▸ **PROBLEM DETAILS**: Write out again, exactly, the lines below starting at the one with "Antique Victorian 19th" and ending at the one with "1pc Halloween Cats".

____

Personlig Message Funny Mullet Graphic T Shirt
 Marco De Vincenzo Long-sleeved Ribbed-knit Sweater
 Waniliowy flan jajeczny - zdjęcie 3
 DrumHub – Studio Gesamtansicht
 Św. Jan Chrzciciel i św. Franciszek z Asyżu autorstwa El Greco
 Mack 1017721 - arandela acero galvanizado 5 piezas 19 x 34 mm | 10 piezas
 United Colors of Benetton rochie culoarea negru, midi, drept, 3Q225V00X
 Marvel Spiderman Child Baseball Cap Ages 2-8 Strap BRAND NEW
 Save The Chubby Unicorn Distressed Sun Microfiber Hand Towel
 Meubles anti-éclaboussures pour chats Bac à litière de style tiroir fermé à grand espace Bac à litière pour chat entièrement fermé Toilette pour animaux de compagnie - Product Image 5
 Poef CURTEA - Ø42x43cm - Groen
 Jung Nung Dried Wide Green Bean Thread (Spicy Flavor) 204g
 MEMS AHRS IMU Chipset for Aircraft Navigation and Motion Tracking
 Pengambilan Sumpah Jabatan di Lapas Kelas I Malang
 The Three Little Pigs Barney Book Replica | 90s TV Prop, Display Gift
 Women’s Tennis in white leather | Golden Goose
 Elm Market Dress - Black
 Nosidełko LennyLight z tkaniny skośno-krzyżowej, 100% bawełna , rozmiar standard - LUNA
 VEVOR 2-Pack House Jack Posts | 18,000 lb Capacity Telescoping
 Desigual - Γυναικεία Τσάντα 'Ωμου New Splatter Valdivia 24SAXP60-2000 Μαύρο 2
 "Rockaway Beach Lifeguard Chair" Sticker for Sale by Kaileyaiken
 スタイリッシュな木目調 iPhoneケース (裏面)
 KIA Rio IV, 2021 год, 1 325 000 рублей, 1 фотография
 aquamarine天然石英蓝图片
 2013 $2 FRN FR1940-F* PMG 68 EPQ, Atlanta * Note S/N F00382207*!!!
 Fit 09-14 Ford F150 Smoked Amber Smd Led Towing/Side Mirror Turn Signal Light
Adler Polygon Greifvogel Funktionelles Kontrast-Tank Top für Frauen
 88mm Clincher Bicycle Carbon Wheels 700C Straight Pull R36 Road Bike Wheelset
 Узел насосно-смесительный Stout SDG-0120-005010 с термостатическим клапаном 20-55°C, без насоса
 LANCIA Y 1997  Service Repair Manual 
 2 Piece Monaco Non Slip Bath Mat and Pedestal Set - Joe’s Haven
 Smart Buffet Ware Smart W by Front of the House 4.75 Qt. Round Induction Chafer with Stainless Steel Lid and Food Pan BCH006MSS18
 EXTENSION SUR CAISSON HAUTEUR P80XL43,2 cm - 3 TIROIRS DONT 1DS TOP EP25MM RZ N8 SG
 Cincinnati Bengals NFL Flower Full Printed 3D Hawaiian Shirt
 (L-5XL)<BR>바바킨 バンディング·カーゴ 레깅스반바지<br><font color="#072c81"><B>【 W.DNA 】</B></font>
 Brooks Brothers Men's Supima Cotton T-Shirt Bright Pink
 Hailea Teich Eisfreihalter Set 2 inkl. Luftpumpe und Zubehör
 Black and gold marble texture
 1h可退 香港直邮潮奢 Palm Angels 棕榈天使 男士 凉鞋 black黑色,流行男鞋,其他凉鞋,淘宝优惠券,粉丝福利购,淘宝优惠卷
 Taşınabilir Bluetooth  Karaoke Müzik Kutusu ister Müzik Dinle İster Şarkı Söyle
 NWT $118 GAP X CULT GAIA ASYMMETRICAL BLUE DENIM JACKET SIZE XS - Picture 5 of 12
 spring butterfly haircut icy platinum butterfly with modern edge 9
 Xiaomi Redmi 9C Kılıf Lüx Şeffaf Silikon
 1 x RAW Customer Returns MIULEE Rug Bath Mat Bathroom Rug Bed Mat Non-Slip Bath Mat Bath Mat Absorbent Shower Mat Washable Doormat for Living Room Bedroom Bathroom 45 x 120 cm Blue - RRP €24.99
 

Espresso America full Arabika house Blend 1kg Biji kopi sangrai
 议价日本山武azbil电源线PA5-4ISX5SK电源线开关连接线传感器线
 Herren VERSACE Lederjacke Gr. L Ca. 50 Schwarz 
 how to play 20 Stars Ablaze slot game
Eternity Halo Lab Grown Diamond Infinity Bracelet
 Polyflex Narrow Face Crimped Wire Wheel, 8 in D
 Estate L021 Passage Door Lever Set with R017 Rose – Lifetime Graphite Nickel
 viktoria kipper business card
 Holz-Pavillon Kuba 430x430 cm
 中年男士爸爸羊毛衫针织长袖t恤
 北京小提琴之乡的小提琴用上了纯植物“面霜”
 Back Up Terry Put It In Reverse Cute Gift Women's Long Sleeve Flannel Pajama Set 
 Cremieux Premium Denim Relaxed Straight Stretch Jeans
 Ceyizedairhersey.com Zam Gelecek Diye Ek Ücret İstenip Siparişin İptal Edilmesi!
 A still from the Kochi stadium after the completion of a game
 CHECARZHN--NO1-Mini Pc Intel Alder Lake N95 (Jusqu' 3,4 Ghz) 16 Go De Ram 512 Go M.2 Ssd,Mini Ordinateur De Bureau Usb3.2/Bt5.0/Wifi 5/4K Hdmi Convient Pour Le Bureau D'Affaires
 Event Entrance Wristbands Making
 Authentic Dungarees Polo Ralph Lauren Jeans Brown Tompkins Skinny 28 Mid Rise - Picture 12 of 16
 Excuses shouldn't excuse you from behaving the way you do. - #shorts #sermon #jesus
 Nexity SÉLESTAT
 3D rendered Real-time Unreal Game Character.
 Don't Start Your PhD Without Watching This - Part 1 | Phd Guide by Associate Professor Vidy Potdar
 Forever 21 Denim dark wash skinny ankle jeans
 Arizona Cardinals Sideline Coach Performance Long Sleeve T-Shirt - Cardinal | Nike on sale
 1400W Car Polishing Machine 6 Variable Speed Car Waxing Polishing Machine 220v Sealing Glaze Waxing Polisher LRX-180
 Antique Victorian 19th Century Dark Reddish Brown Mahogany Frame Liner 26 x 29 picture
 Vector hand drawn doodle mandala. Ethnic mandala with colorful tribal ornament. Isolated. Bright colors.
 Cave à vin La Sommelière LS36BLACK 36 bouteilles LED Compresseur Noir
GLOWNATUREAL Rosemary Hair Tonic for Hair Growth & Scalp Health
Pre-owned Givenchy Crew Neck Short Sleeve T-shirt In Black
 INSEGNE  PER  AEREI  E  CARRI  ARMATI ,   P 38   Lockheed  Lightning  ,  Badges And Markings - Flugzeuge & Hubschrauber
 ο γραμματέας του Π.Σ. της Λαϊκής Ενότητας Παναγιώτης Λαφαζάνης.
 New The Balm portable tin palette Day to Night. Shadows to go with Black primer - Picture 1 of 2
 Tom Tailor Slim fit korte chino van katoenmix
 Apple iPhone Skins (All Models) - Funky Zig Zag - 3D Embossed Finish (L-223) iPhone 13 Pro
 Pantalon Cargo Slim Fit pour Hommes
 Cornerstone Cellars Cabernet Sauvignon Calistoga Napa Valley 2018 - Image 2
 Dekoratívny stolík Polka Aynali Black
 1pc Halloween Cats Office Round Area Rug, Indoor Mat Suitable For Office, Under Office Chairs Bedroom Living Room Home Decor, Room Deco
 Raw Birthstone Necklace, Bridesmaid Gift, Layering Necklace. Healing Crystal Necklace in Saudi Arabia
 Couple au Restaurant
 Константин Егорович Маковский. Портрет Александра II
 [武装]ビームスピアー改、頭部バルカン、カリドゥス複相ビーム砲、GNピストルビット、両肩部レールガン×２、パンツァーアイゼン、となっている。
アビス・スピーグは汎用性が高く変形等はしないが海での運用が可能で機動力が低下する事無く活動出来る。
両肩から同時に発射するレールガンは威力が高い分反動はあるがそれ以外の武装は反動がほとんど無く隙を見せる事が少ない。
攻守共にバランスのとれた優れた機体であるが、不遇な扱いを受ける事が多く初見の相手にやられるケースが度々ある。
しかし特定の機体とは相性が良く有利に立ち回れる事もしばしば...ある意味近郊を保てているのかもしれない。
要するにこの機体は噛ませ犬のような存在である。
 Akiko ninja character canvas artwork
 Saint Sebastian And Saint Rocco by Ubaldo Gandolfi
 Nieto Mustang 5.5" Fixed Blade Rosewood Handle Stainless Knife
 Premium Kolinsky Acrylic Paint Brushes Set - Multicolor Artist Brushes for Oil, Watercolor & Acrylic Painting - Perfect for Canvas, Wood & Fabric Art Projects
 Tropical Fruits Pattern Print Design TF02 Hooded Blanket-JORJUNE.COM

____

▸ **THE COMPLETED TASK**:
 Antique Victorian 19th Century Dark Reddish Brown Mahogany Frame Liner 26 x 29 picture
 Vector hand drawn doodle mandala. Ethnic mandala with colorful tribal ornament. Isolated. Bright colors.
 Cave à vin La Sommelière LS36BLACK 36 bouteilles LED Compresseur Noir
GLOWNATUREAL Rosemary Hair Tonic for Hair Growth & Scalp Health
Pre-owned Givenchy Crew Neck Short Sleeve T-shirt In Black
 INSEGNE  PER  AEREI  E  CARRI  ARMATI ,   P 38   Lockheed  Lightning  ,  Badges And Markings - Flugzeuge & Hubschrauber
 ο γραμματέας του Π.Σ. της Λαϊκής Ενότητας Παναγιώτης Λαφαζάνης.
 New The Balm portable tin palette Day to Night. Shadows to go with Black primer - Picture 1 of 2
 Tom Tailor Slim fit korte chino van katoenmix
 Apple iPhone Skins (All Models) - Funky Zig Zag - 3D Embossed Finish (L-223) iPhone 13 Pro
 Pantalon Cargo Slim Fit pour Hommes
 Cornerstone Cellars Cabernet Sauvignon Calistoga Napa Valley 2018 - Image 2
 Dekoratívny stolík Polka Aynali Black
 1pc Halloween Cats Office Round Area Rug, Indoor Mat Suitable For Office, Under Office Chairs Bedroom Living Room Home Decor, Room Deco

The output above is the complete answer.